Figure 2: Three sample pseudo implementations of expression  $C_{i,j} = \sum_k A_{i,k} \times B_{k,j}, 0 \le i, j, k < 512$ :  $s_0, s_1$  and  $s_2$ . All of them are logically equivalent programs with different performances since they specify various low-level code implementations. Therefore, although the same math equation, the run-times of  $s_0, s_1$  and  $s_2$  are different.

# 2.2 Importance of TPO Efficiency

Most prior works focused on optimizing the quality of TPO (output code latency), while overlooking the efficiency of TPO (compilation time). Existing compilation frameworks still spend several hours, even days to generate a decent schedule for DNNs. For example, AutoTVM [16] costs 10 hours on an Intel i9-9900K CPU and 7 days on a NVIDIA GeForce RTX 2080Ti GPU, and 10 days on Raspberry Pi 4 to tune all workloads in the ResNet-50 model. The compilation time overhead is scaling up when optimizing different workloads for today's DNNs with more complicated neural architectures [49, 56] on various target platforms. Yet, TPO efficiency is important in modern applications because a long optimization time (1) prolongs the delivery duration of AI products and (2) hurts users' experience while waiting for DNN to be optimized.

As shown in Fig. 1, the long deployment time takes over 70% of the delivery cycle even with the SOTA compilation framework. It

delays the overall DNN delivery and goes against the AI companies that are required to deliver AI in a timely manner. It also, in turn, slows down the development of DNN models due to the optimized runtime performance not giving feedback to the DNN designers and developers on time. As the DNN models are scaling and becoming more complicated, efficient TPO is highly demanding.

# 2.3 Inefficiency in Previous Methods

The SOTA DNN compilation stack leverages the compute-schedule paradigm to decouple the high-level description of an algorithm (compute) from the description of how it is optimized and executed (schedule) on a specific hardware platform, e.g., AutoTVM [16], Ansor [63], Flextensor [65], Chameleon [7], Halide [6]. Based on this paradigm, existing works follow a similar philosophy to manage the TPO problem as a schedule search problem with the following steps: considering a piece of tensor program to be optimized on a given hardware backend, (1) parameterize and define the schedule search space (primitives and parameters) manually (AutoTVM) or automatically (Ansor, Flextensor, Halide); (2) define a code template (AutoTVM, Flextensor, Chameleon, Halide) or sample code sketches (Ansor), and the default schedule settings as the search starting point; (3) at the beginning of searching, the cost (e.g., latency) is measured on device and the cost is collected to train a cost model, e.g., XGBoost-based model (AutoTVM, Ansor, Chameleon), analytical model (Flextensor) or linear layers (Halide); (4) guided by the estimated cost from the cost model, search over the search space using a certain search engine until finish the optimization time budget, e.g., simulated annealing (AutoTVM), evolutionary search (Ansor), beam search (Halide), policy gradient (Chameleon), or heuristic method combining DRL (Flextensor).

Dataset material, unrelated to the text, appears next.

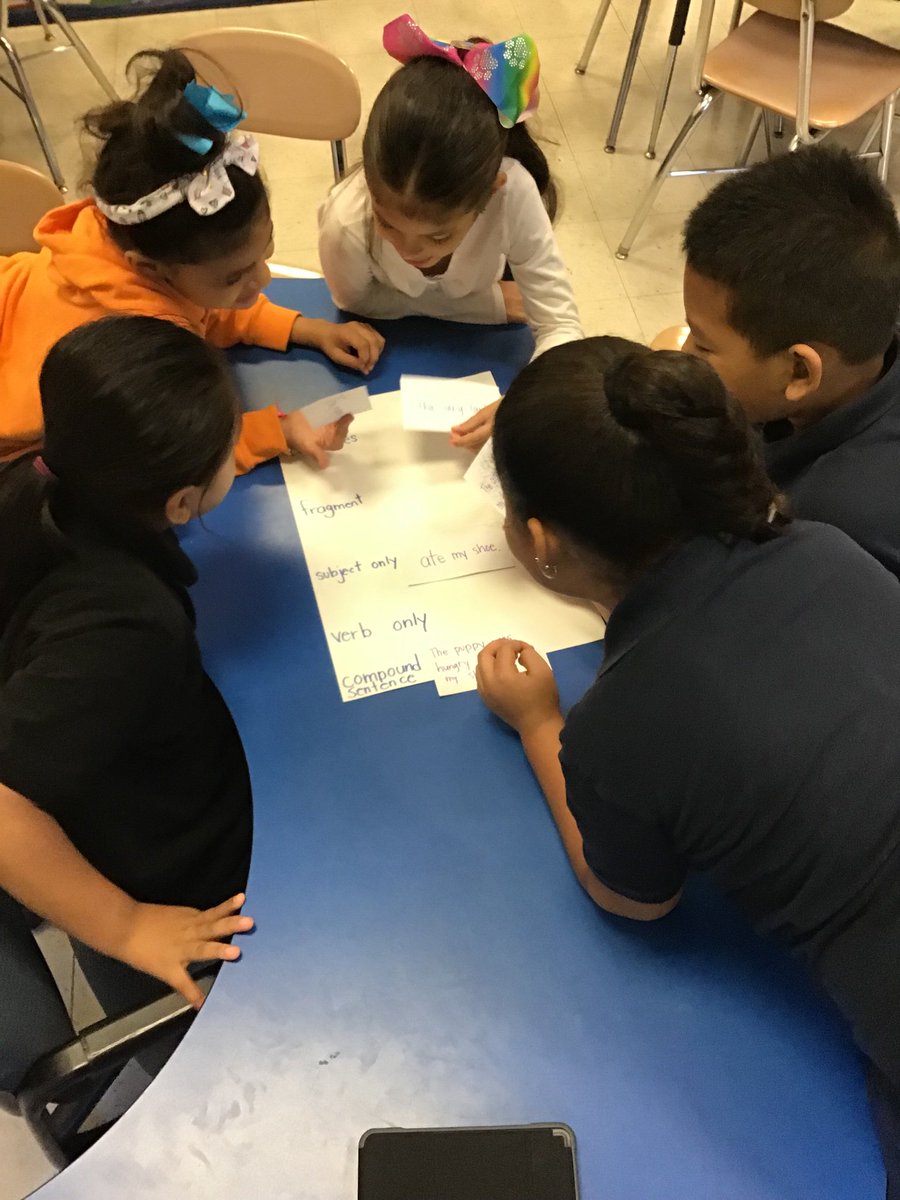MsBertonciniESL's tweet photo. 3rd grade ELs engaging and collaborating in a quick sentence structure activity. #sdolesl   #wickproud #wickway #writingrevolution https://t.co/enlh4Cqzr3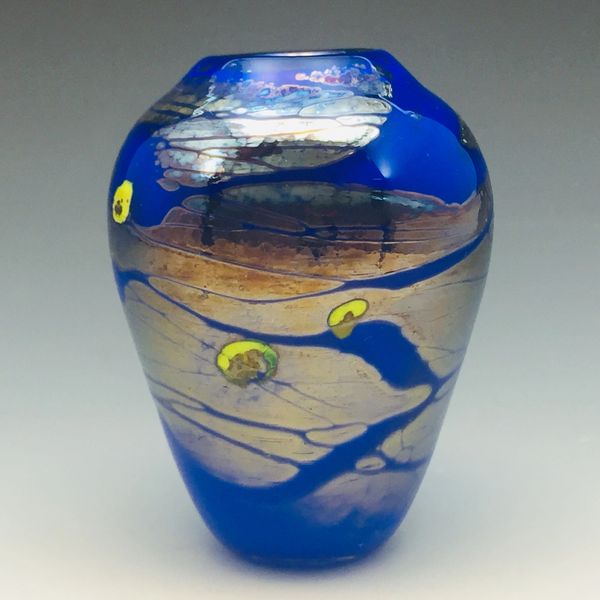 Lapis Miniature Round Strata Vase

It is difficult to achieve both high *quality* (in terms of output code latency) and *efficiency* (in terms of optimization time) of TPO. Previous DNN compilation stacks can search high-performance tensor program schedules, but they can take several hours and even days of optimization overhead, especially on CPUs and edge devices. We study the above-mentioned frameworks and break down the time overhead to demonstrate the bottleneck of DNN compilation is the on-device measurement for cost model updating, which consumes over 60% of compilation time. We show the portion of on-device measurement time in Tab. 2. This observation aligns with previous study [7, 11, 59], emphasizing the need to reduce the costly on-device measurement.

Table 2: The portion of on-device measurement time over the overall optimization time.

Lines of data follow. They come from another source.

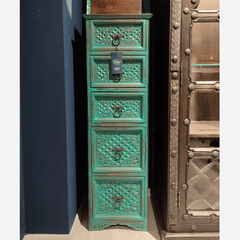 Indian Hand Carved Solid Wood 5 Drawers Side Table 06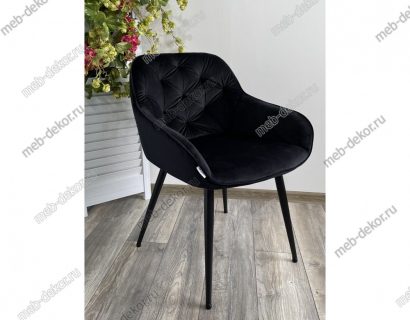 Стул BREEZE BLUVEL-19 BLACK, велюр/ черный каркас — фото 2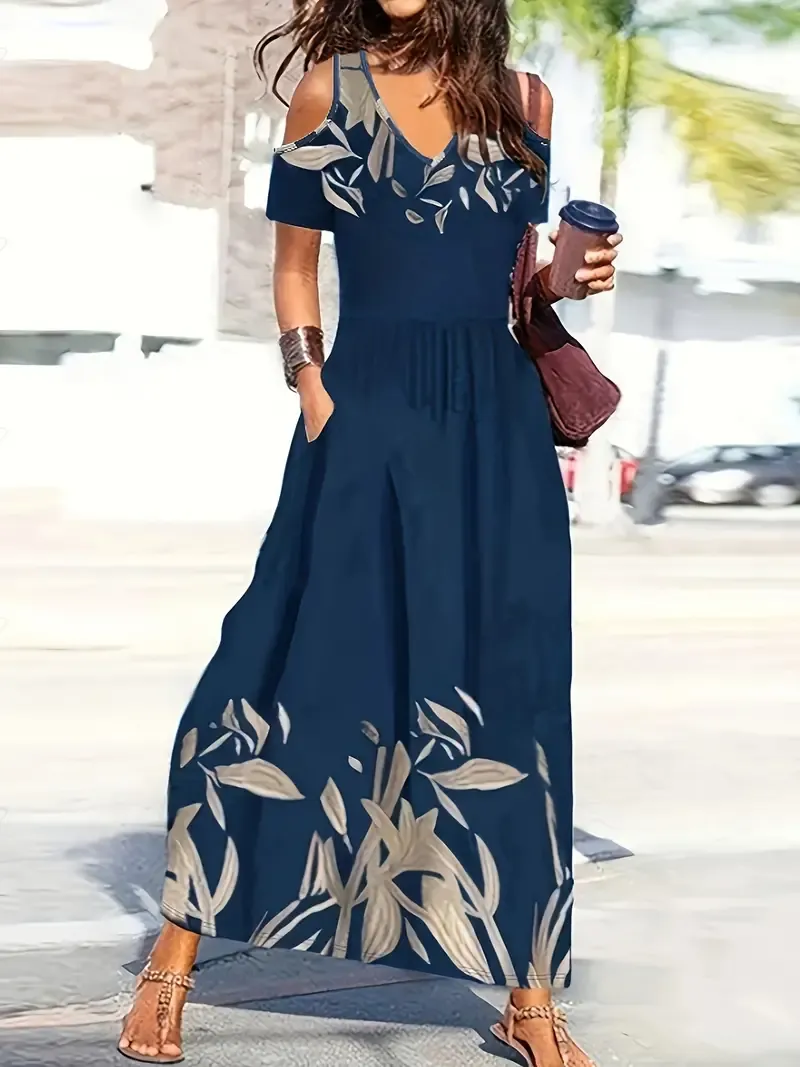 Loose Maxi Plant Print Cold Shoulder Dress with Pocket, V Neck Short Sleeve Vacation Dress for Spring & Summer, Women's Clothing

| CPU / GPU | Ansor         | AutoTVM       | Chameleon     |
|-----------|---------------|---------------|---------------|
| ResNet-18 | 87.0% / 77.1% | 91.8% / 79.0% | 89.7% / 76.8% |
| VGG-16    | 70.1% / 62.3% | 71.8% / 67.5% | 70.3% / 66.2% |
| AlexNet   | 78.7% / 72.5% | 80.3% / 72.9% | 75.6% / 72.4% |

There are two aspects of inefficiency that result in the long TPO time in the existing works. (1) Cost model training or transfer learning inefficiency. Machine Learning (ML)-based model (AutoTVM, Ansor, Chameleon) is widely adopted to provide accurate estimations of schedule candidates, compared to the traditional analytical model (Flextensor). However, for the ML cost model to be effective, it needs to be well-trained to learn the general knowledge



Figure 3: (a) DNN compilation stack. Fasor focuses on the tensor-level optimization. (b) The overview of Fasor design.

required for evaluating tensor program schedules of all kinds – *achieving generalization* – and adapted to capture the characteristics of various hardware platforms – *ensuring transferability*. The emerging novel DNN operators and fast-developing new hardware make training a generalizable and transferable cost model even more difficult. It requires collecting enough training datasets and cannot avoid measuring a large number of scheduled candidates on the device.

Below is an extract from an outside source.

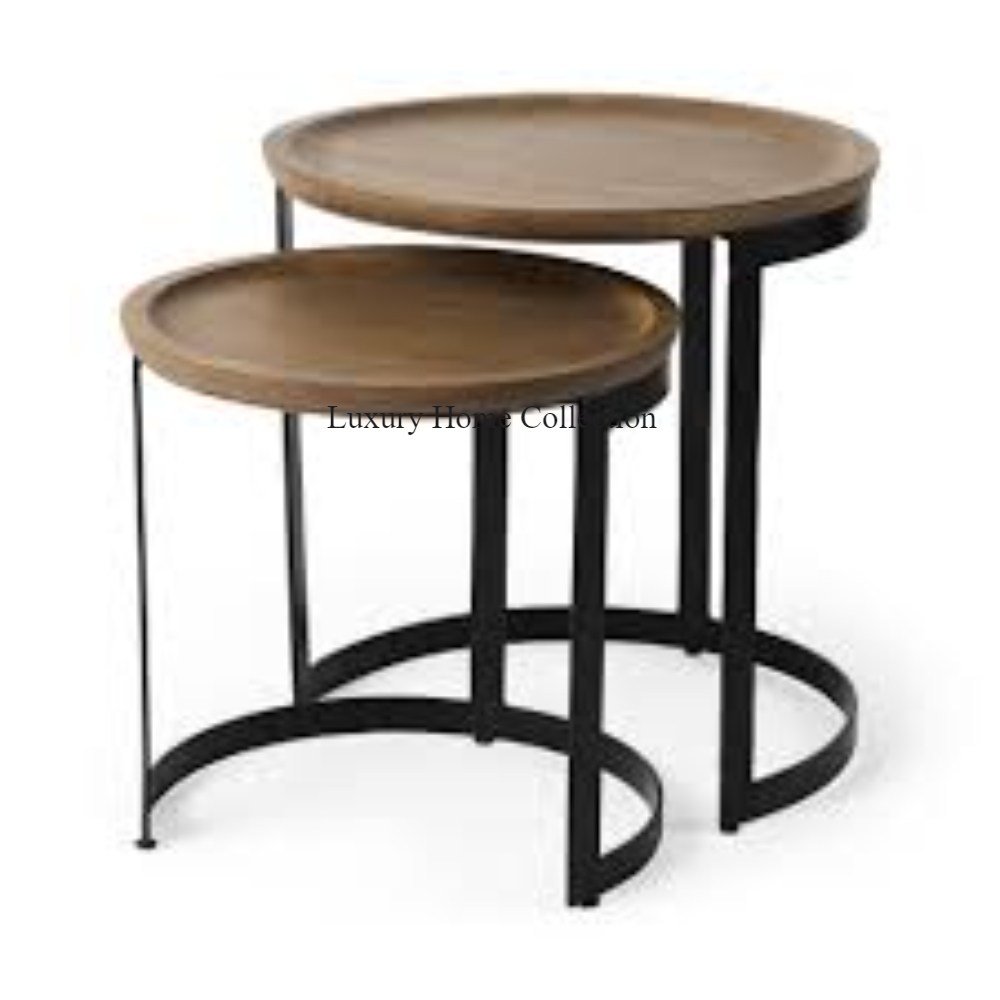 Set Of 3 Antique Look Metal Nesting Side Table Handmade Round Shape Top Luxurious Furniture Supplies For Hotel And Villa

(2) Search sampling inefficiency. Searching for an optimal scheduling scheme is an NP-hard problem, while the search space is growing exponentially with the number of primitives and the corresponding parameters to be tuned. Searching for effective schedule configurations from a search space with millions of possible configuration combinations is non-trivial. The above frameworks follow a latency-guided search and deploy an extensive exploration over the optimization landscape, coupled with aggressive pruning of the solution space. Their search engines usually rely on the stochastic guarantees of a random walk process, fall short of inadequate search guides, and often end up generating sub-optimal code. Moreover, previous works overlook the potential of reusing pre-tuned schedules for similar optimization tasks.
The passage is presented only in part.